▼▼▼

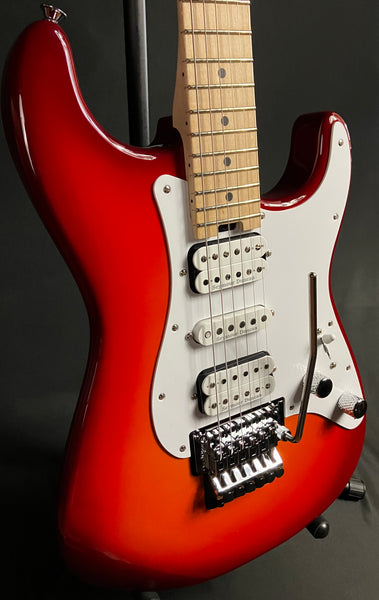 Charvel Pro-Mod So-Cal Style 1 HSH FR M Electric Guitar Cherry Kiss Burst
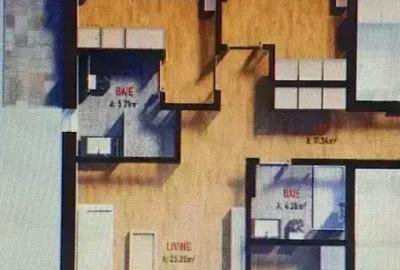 Apartamente De Vanzare 3 Camere Dobroiesti | Rate Dezvoltator - 4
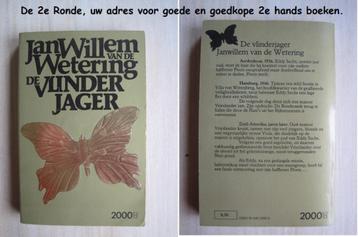160 - De vlinderjager - Jan Willem van de Wetering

▲▲▲

▶ **Activity**
Your response must reproduce the listing above word for word and must contain none of its pictures.

▶ **Task result**
 Charvel Pro-Mod So-Cal Style 1 HSH FR M Electric Guitar Cherry Kiss Burst
 Apartamente De Vanzare 3 Camere Dobroiesti | Rate Dezvoltator - 4
160 - De vlinderjager - Jan Willem van de Wetering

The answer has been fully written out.